[Your objective] Write out exactly the lines from the one containing "Buy Ray-Ban RB37190" through the last line of the records below, and no others.

________

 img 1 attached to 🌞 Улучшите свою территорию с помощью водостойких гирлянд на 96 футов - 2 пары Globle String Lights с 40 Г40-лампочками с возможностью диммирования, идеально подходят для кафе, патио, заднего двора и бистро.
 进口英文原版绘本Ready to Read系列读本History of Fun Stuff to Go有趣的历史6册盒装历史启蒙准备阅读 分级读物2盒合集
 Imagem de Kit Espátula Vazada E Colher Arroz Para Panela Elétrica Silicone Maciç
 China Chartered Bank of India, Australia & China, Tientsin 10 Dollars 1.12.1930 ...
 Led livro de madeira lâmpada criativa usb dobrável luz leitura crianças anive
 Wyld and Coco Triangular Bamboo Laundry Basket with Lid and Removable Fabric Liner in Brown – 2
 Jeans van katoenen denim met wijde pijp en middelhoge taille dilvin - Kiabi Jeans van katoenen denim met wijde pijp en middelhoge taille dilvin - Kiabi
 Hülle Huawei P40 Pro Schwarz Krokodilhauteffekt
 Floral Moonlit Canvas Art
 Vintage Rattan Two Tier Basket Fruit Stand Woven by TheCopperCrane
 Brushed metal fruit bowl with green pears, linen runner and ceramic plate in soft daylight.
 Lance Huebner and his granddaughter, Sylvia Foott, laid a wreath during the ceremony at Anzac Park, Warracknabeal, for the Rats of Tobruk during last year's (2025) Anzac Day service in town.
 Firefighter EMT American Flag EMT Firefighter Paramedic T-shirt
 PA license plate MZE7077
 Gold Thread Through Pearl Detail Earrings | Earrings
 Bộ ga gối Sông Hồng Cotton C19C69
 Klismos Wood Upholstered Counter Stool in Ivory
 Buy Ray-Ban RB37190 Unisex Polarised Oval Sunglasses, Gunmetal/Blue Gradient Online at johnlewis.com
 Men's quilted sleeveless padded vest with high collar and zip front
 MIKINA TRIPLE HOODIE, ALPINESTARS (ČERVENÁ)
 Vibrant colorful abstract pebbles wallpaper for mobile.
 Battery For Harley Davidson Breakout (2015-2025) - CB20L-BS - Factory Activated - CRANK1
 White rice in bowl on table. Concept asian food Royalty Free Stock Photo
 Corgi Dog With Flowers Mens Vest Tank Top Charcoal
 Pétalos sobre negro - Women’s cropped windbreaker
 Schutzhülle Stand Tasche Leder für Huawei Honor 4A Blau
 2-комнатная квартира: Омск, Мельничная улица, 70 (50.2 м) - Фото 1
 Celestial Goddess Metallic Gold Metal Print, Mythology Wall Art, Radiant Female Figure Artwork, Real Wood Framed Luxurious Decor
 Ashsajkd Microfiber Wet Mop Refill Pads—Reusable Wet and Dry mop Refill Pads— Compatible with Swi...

________

[Solved exercise]
 Buy Ray-Ban RB37190 Unisex Polarised Oval Sunglasses, Gunmetal/Blue Gradient Online at johnlewis.com
 Men's quilted sleeveless padded vest with high collar and zip front
 MIKINA TRIPLE HOODIE, ALPINESTARS (ČERVENÁ)
 Vibrant colorful abstract pebbles wallpaper for mobile.
 Battery For Harley Davidson Breakout (2015-2025) - CB20L-BS - Factory Activated - CRANK1
 White rice in bowl on table. Concept asian food Royalty Free Stock Photo
 Corgi Dog With Flowers Mens Vest Tank Top Charcoal
 Pétalos sobre negro - Women’s cropped windbreaker
 Schutzhülle Stand Tasche Leder für Huawei Honor 4A Blau
 2-комнатная квартира: Омск, Мельничная улица, 70 (50.2 м) - Фото 1
 Celestial Goddess Metallic Gold Metal Print, Mythology Wall Art, Radiant Female Figure Artwork, Real Wood Framed Luxurious Decor
 Ashsajkd Microfiber Wet Mop Refill Pads—Reusable Wet and Dry mop Refill Pads— Compatible with Swi...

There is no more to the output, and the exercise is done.